> Your instructions
Give back exactly the lines that run from the beginning of the entries to the line containing "cca 1880 Noé", both included, and nothing else.

Crawled caption data:
BEGIN

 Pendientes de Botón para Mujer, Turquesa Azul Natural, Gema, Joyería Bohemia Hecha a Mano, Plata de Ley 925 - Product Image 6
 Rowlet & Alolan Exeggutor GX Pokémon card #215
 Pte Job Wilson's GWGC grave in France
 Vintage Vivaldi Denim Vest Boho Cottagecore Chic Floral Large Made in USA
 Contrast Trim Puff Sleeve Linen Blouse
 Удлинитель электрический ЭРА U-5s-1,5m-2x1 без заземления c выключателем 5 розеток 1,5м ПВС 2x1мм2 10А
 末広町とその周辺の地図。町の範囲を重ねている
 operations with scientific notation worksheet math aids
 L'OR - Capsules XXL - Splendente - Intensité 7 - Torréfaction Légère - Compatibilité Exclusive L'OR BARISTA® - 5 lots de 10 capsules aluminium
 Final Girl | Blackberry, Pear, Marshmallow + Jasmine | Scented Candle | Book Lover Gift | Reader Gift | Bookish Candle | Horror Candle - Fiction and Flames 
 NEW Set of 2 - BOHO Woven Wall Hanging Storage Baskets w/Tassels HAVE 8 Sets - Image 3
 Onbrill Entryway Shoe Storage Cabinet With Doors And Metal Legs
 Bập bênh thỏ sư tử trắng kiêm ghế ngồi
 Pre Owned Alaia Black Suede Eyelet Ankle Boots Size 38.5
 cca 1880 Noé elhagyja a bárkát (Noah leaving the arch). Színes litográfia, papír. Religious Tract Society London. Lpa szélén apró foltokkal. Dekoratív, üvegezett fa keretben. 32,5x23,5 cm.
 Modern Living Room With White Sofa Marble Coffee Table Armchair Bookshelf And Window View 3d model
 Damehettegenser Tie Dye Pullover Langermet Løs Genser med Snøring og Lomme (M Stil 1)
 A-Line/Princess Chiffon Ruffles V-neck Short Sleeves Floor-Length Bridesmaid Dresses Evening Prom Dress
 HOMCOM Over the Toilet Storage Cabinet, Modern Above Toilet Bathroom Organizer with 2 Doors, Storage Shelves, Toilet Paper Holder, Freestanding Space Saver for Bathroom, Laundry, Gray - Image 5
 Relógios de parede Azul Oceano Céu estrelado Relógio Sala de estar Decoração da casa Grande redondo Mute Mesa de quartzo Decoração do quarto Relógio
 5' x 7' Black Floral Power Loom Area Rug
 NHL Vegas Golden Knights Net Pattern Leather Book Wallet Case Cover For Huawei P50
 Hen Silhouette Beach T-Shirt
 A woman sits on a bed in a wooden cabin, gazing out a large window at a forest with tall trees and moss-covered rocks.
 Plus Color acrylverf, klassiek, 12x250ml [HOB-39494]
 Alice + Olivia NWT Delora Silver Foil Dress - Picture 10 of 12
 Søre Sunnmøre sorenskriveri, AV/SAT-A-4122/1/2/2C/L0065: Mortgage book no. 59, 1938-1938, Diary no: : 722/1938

END

> Answer to the problem
 Pendientes de Botón para Mujer, Turquesa Azul Natural, Gema, Joyería Bohemia Hecha a Mano, Plata de Ley 925 - Product Image 6
 Rowlet & Alolan Exeggutor GX Pokémon card #215
 Pte Job Wilson's GWGC grave in France
 Vintage Vivaldi Denim Vest Boho Cottagecore Chic Floral Large Made in USA
 Contrast Trim Puff Sleeve Linen Blouse
 Удлинитель электрический ЭРА U-5s-1,5m-2x1 без заземления c выключателем 5 розеток 1,5м ПВС 2x1мм2 10А
 末広町とその周辺の地図。町の範囲を重ねている
 operations with scientific notation worksheet math aids
 L'OR - Capsules XXL - Splendente - Intensité 7 - Torréfaction Légère - Compatibilité Exclusive L'OR BARISTA® - 5 lots de 10 capsules aluminium
 Final Girl | Blackberry, Pear, Marshmallow + Jasmine | Scented Candle | Book Lover Gift | Reader Gift | Bookish Candle | Horror Candle - Fiction and Flames 
 NEW Set of 2 - BOHO Woven Wall Hanging Storage Baskets w/Tassels HAVE 8 Sets - Image 3
 Onbrill Entryway Shoe Storage Cabinet With Doors And Metal Legs
 Bập bênh thỏ sư tử trắng kiêm ghế ngồi
 Pre Owned Alaia Black Suede Eyelet Ankle Boots Size 38.5
 cca 1880 Noé elhagyja a bárkát (Noah leaving the arch). Színes litográfia, papír. Religious Tract Society London. Lpa szélén apró foltokkal. Dekoratív, üvegezett fa keretben. 32,5x23,5 cm.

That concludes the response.